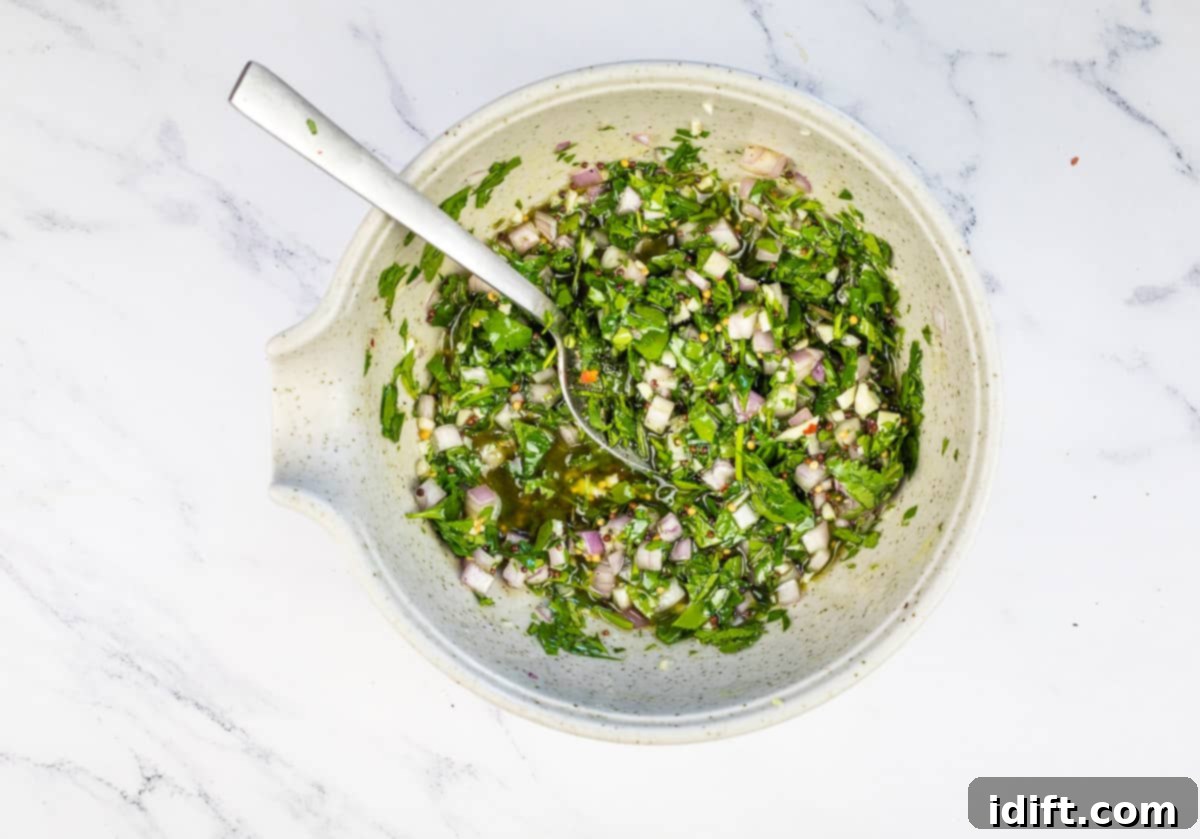 all ingredients mixed together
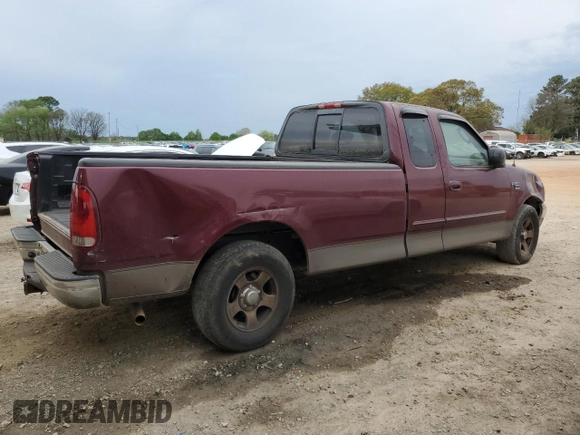 2003 Ford F-150 XL with VIN 1FTRX17L63NA96989, listed as a Copart auction lot 51501945 with 297,669 mi miles and Salvage Title. Bid and sale history available at carsss.com. Image 3.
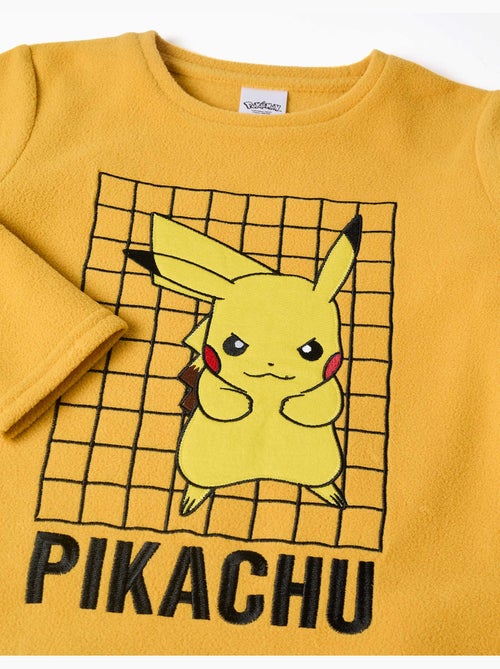 Pyjama en polaire avec broderie pikachu - Kiabi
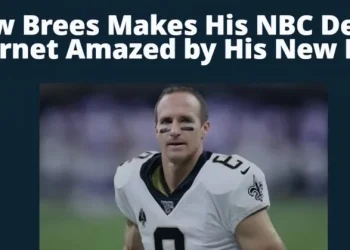Drew Brees Stuns Fans on NBC Debut with Bold New Hair Look
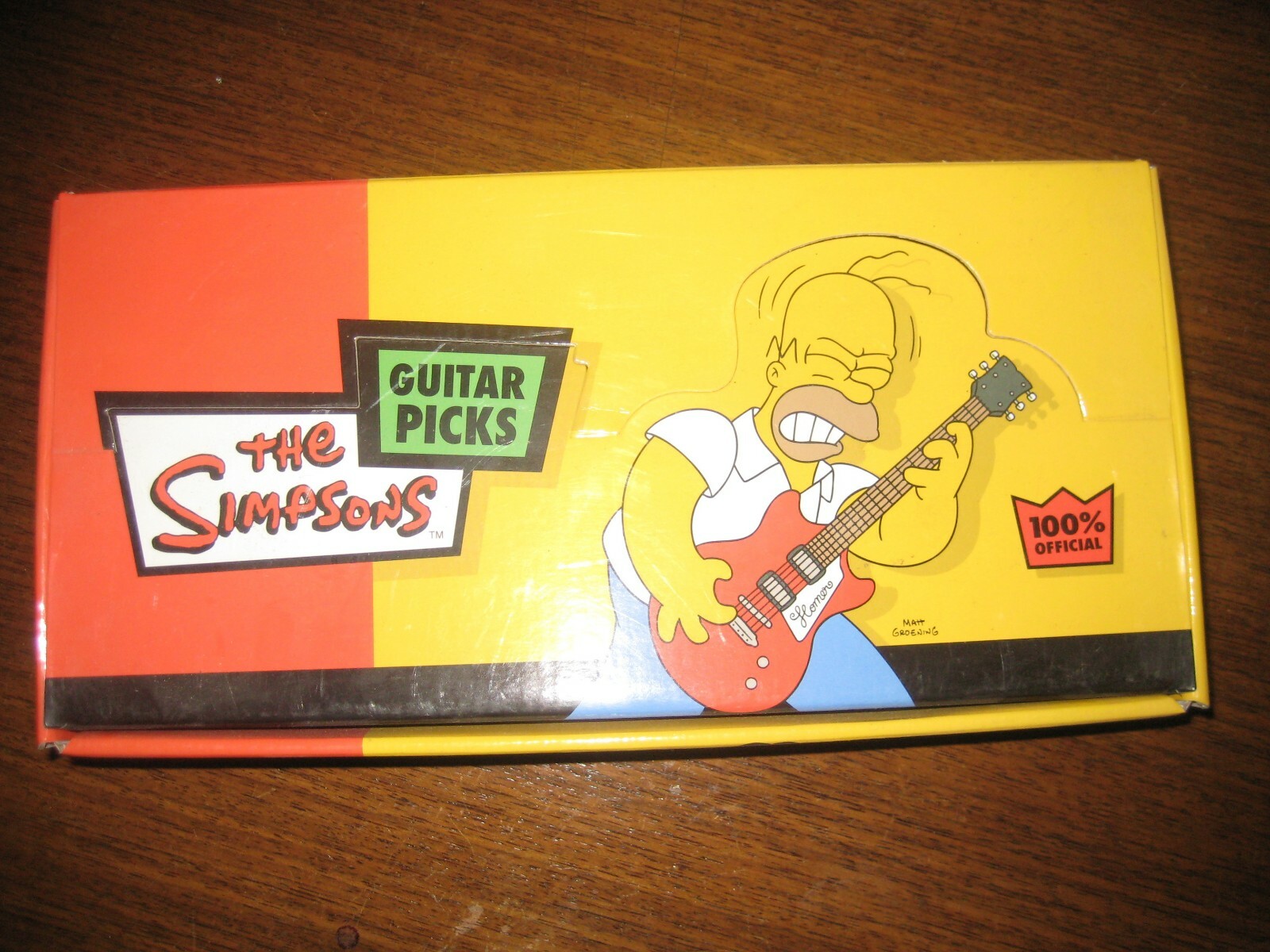 Boite pour médiators The Simpsons vintage 2006 Grover Allman étui de rangement de guitare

▶ **What this task involves**: Write the entries out in full and exactly, omitting every picture.

▶ **Task response**:
 all ingredients mixed together
 2003 Ford F-150 XL with VIN 1FTRX17L63NA96989, listed as a Copart auction lot 51501945 with 297,669 mi miles and Salvage Title. Bid and sale history available at carsss.com. Image 3.
 Pyjama en polaire avec broderie pikachu - Kiabi
Drew Brees Stuns Fans on NBC Debut with Bold New Hair Look
 Boite pour médiators The Simpsons vintage 2006 Grover Allman étui de rangement de guitare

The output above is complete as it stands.